On the other hand, by the interpolation inequality for Sobolev spaces (see e.g. [7, Theorem 7.28]), there exists \(C=C(n)\) such that for any \(\epsilon >0\),

$$\begin{aligned} \Vert \nabla u\Vert _{p,B_{1}}\le \epsilon \Vert \Delta u\Vert _{p,B_{1}}+\frac{C(n)}{\epsilon }\Vert u\Vert _{p,B_{1}}. \end{aligned}$$

Substituting the above inequality with \(\epsilon =1\) into (A.3), we finally obtain

$$\begin{aligned} \Vert \nabla ^{2}u\Vert _{p,B_{1/2}}\le C_{\delta ,n}\left( \Vert \Delta u\Vert _{p,B_{1}}+\Vert u\Vert _{p,B_{1}}\right) . \end{aligned}$$

The proof is complete. \(\square \)

Appendix B: A slightly improved Calderón–Zygmund estimate

In this section, we prove the following proposition which states a slightly improved Calderón–Zygmund estimate. It seems very possible that this proposition was already established in some literature. As we did not find a precise reference at hand, we present a detailed proof here for the reader’s convenience.

Proposition B.1

For each \(\delta \in (0,\frac{1}{2})\), there exists \(C=C_{\delta ,n}\) such that for any \(p\in [1+\delta ,n-\delta ]\), the following Calderón–Zygmund estimate holds

$$\begin{aligned} \Vert \nabla ^{2}u\Vert _{p,B_{1/2}}\le C_{\delta ,n}\left( \Vert \Delta u\Vert _{p,B_{1}}+\Vert u\Vert _{1,B_{1}}\right) \end{aligned}$$

(B.1)

for all \(u\in W^{2,p}(B_1)\).

In our case, \(n=4\) and \(1<p<4/3\), so \(1<p/(2-p)<\gamma<2p/(2-p)<4\). Thus, there exists a constant C independent of \(\gamma \in (\frac{p}{2-p},\frac{2p}{2-p})\) such that

$$\begin{aligned} \Vert \nabla ^{2}u\Vert _{\gamma ,B_{1/2}}\le C\left( \Vert \Delta u\Vert _{\gamma ,B_{1}}+\Vert u\Vert _{1,B_{1}}\right) . \end{aligned}$$

(B.2)

Proof

We first recall the following results from [2, Chapter 5].
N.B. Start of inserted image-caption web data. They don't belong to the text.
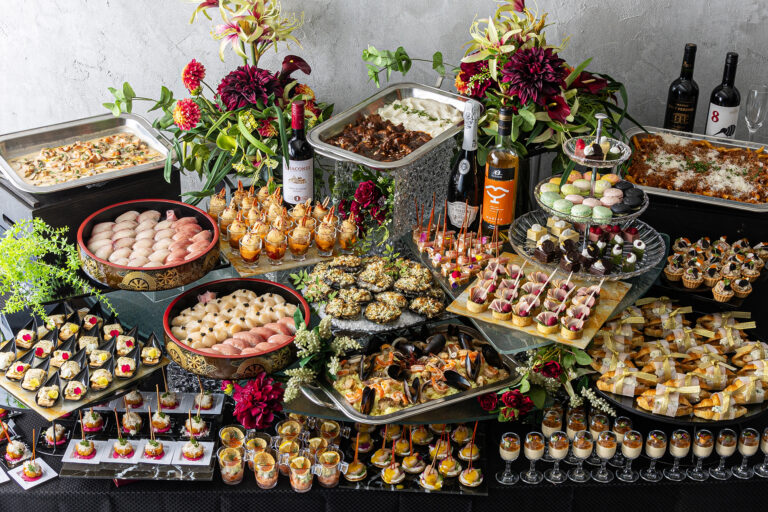 料理と花で華やかに飾られたMr.BUFFETのビュッフェ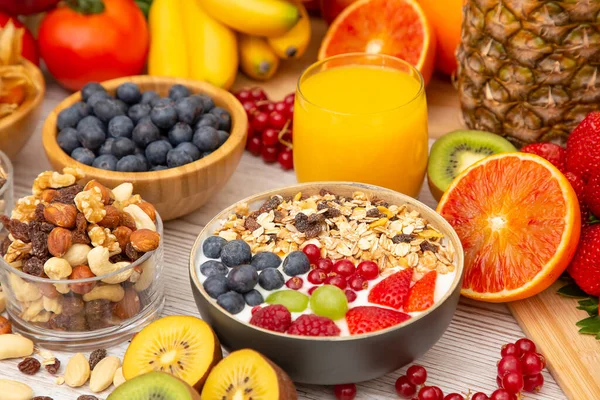 Grup Meyveli Karışık Sebzeler, salata kasesi, fındık kasesi, çilek, muz ve ananas, portakal suyu, C vitamini..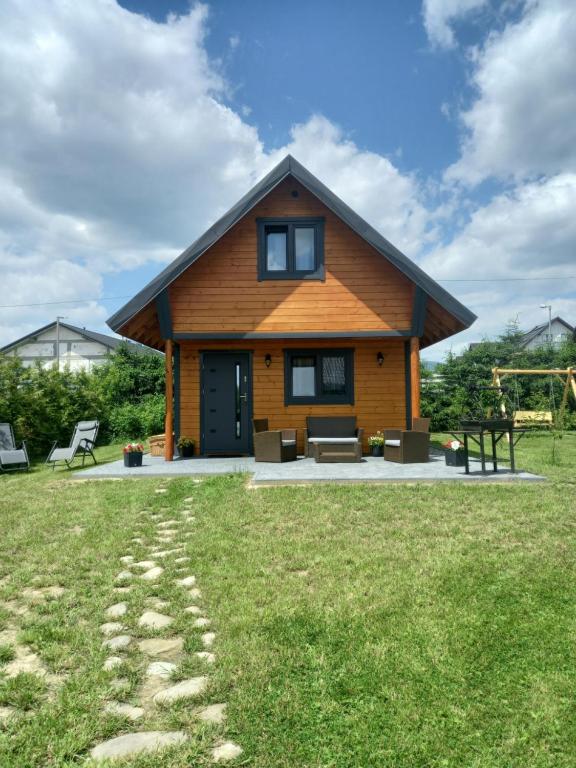 a house with a gambrel roof at Pod Grapą in Zubrzyca Górna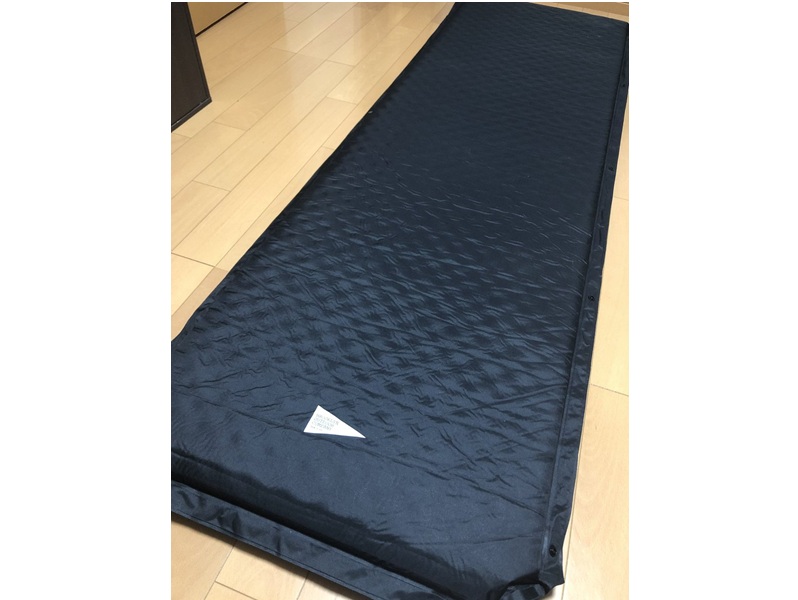 セルフインフレータブルマット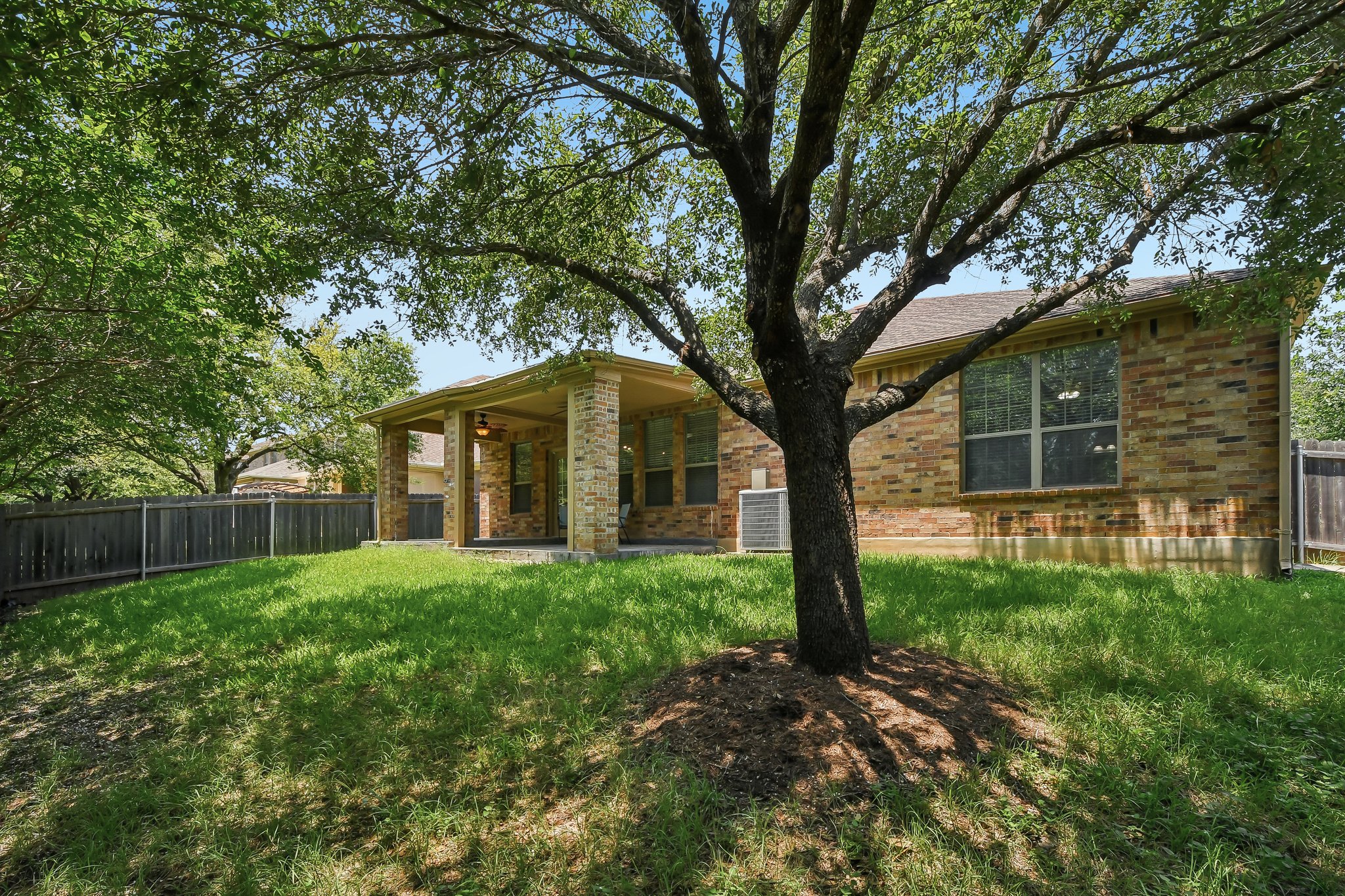 Island Oak Dr-S1906-046.jpg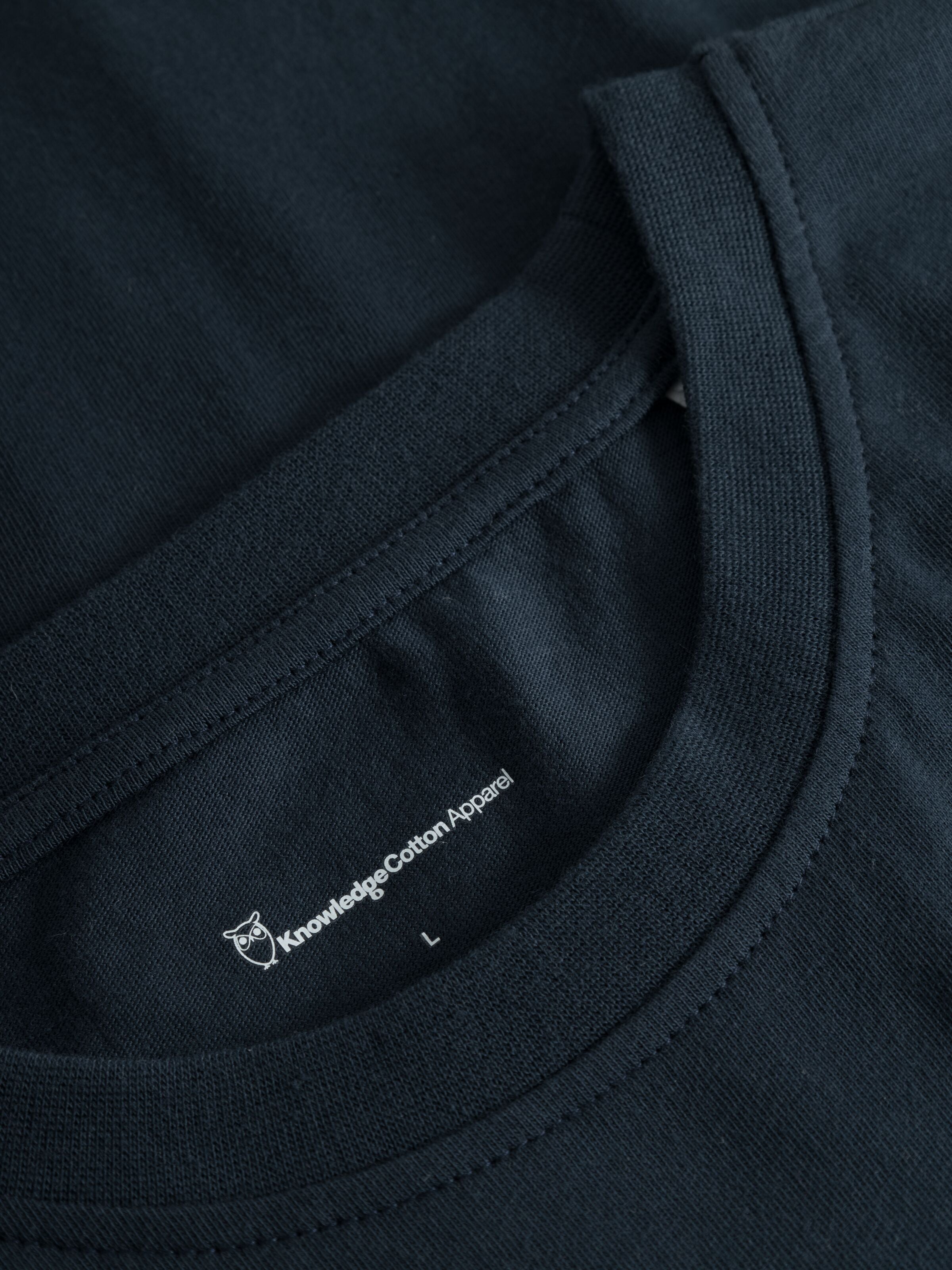 KnowledgeCotton Apparel – Reguläres T-Shirt mit Wal-Frontprint – GOTS/Vegan – Total Eclipse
• P1. There exists \(C_{n}>0\) depending only on n such that there exists an extension operator \(E:W^{1,p}(B_{1})\rightarrow W_{0}^{1,p}(B_{2})\) for all \(1\le p<\infty \) satisfying

  $$\begin{aligned} \Vert Eu\Vert _{W^{1,p}({\mathbb {R}}^n)}\le C_{n}\Vert u\Vert _{W^{1,p}(B_1)}. \end{aligned}$$

• P2. Let \(1<p<n\) and \(u\in W^{1,p}(B_{1})\) for \(B_{1}\subset {\mathbb {R}}^{n}\). Then

  $$\begin{aligned} \Vert u\Vert _{p}\le \Vert u\Vert _{1}^{\theta }\Vert u\Vert _{p^{*}}^{1-\theta }, \end{aligned}$$

  where \(\frac{1}{p}=1+(1-\theta )\big (\frac{1}{p^*}-1\big )\) or equivalently \(\theta =\frac{p}{np-n+p}\).
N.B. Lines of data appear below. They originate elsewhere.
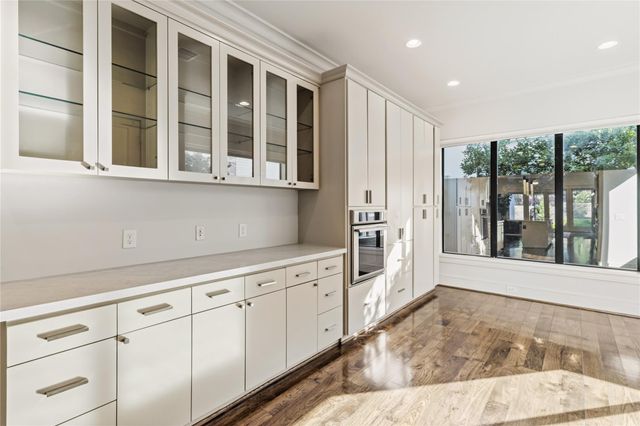 6011 Burgoyne Road A, Houston, TX 77057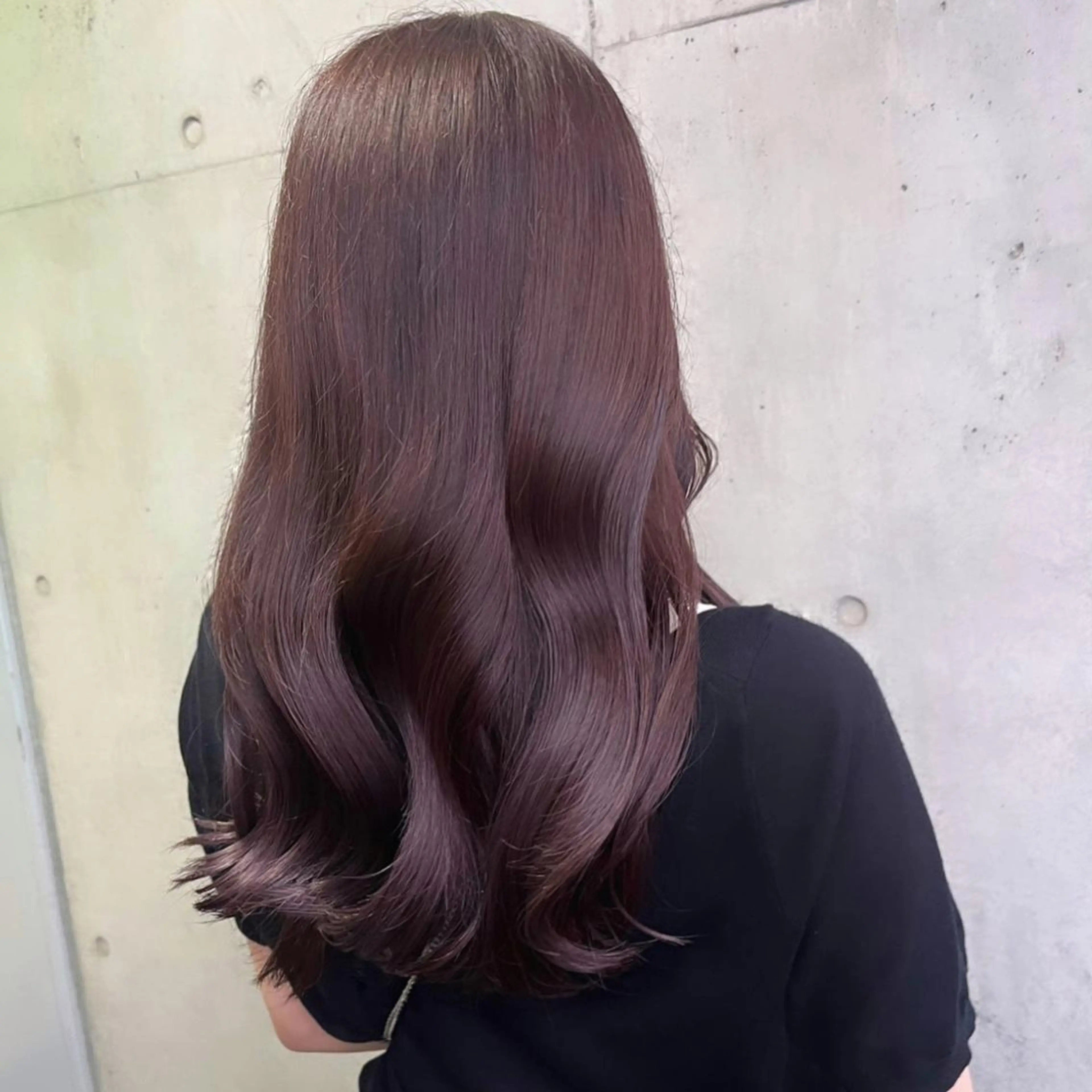 セミロング カラー ブラウンカラー ラベンダーカラー ラベンダーブラウン ヘアカラー トリートメント ヘッドスパ ヘアセット カジュアルを女っぽく 𝗮𝘆𝗮𝗰𝗼のヘアスタイル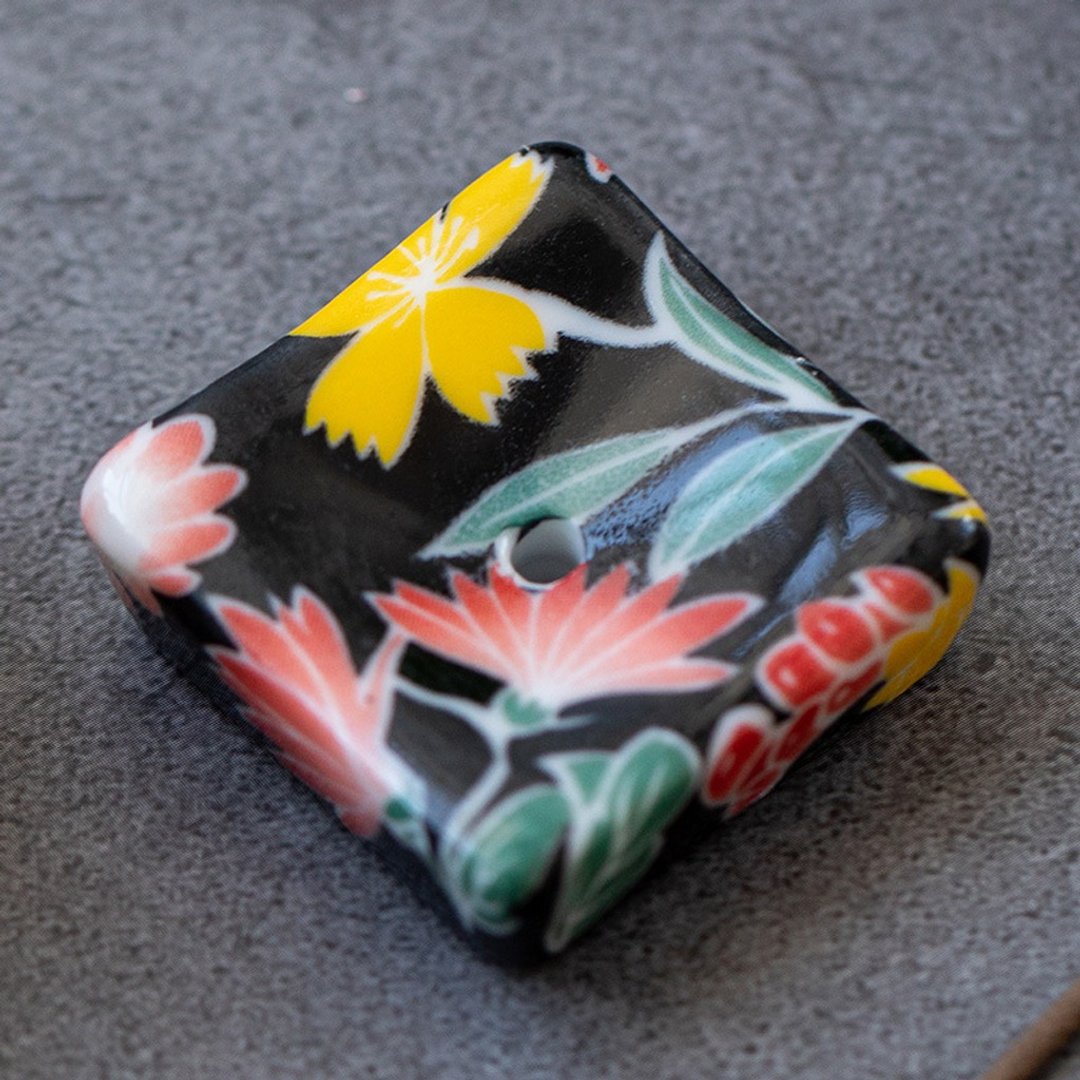 diseno Living 日式和风方形陶瓷线香香座 - 菊花黑 - 香薰/精油/线香 - 其他材质 多色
By the Sobolev embedding theorem and property P1, we have

$$\begin{aligned} \Vert u\Vert _{p^{*},B_{1}}\le \Vert Eu\Vert _{p^{*},B_{2}}\le C_{p}\Vert \nabla (Eu)\Vert _{p,B_{2}}\le C_{p}C_{n}(\Vert u\Vert _{p,B_{1}}+\Vert \nabla u\Vert _{p,B_{1}}). \end{aligned}$$

Here \(C_{p}\) is the best Sobolev constant satisfying

$$\begin{aligned} C_{p}\le \frac{n-1}{\sqrt{n}}\frac{p}{n-p}. \end{aligned}$$

Thus,

$$\begin{aligned} \Vert u\Vert _{p, B_1}\le \Vert u\Vert _{1, B_1}^{\theta }\left( C_{p}C_{n}(\Vert u\Vert _{p,B_{1}}+\Vert \nabla u\Vert _{p,B_{1}})\right) ^{1-\theta }. \end{aligned}$$

Next we apply the following interpolation theorem (see e.g. [2, Theorem 5.2]): there exists \(C_{n}>0\) such that for all \(1\le p<\infty \) and \(\epsilon >0\),

$$\begin{aligned} \Vert \nabla u\Vert _{p,B_{1}}\le \epsilon \Vert \Delta u\Vert _{p,B_{1}}+\frac{C(n)}{\epsilon }\Vert u\Vert _{p,B_{1}}, \end{aligned}$$

Taking \(\epsilon =1\), we obtain

$$\begin{aligned} \Vert u\Vert _{p, B_1}\le \Vert u\Vert _{1, B_1}^{\theta }\left( C_{p}C_{n}(\Vert u\Vert _{p,B_{1}}+\Vert \Delta u\Vert _{p,B_{1}})\right) ^{1-\theta }. \end{aligned}$$

Since \(a^{\theta }b^{1-\theta }\le \epsilon ^{-\frac{1-\theta }{\theta }}a+\epsilon b\), we have

$$\begin{aligned} \Vert u\Vert _{p, B_1}\le \epsilon ^{-\frac{1-\theta }{\theta }}\Vert u\Vert _{1, B_1}+\epsilon C_{p}C_{n}(\Vert u\Vert _{p,B_{1}}+\Vert \Delta u\Vert _{p,B_{1}}). \end{aligned}$$

Take \(\epsilon =1/(2C_{p}C_{n})\) yields

$$\begin{aligned} \Vert u\Vert _{p}\le (2C_{p}C_{n})^{\frac{1-\theta }{\theta }}\Vert u\Vert _{1}+\frac{1}{2}\Vert \Delta u\Vert _{p,B_{1}}. \end{aligned}$$

Note that \(1/n\le \theta \le 1\) for all \(1<p<n\), and \(\theta \rightarrow 1\) as \(p\rightarrow 1\), \(\theta \rightarrow 1/n\) as \(p\rightarrow n\). Thus, \(0\le 1-\theta \le \frac{1-\theta }{\theta }\le n(1-\theta )\le n\) and so

$$\begin{aligned} (2C_{p}C_{n})^{\frac{1-\theta }{\theta }}\le 2^{n}C_{n}^{n}\left( \frac{p}{n-p} \right) ^{\frac{1-\theta }{\theta }} \end{aligned}$$

is locally uniformly bounded for \(p\in [1,n)\).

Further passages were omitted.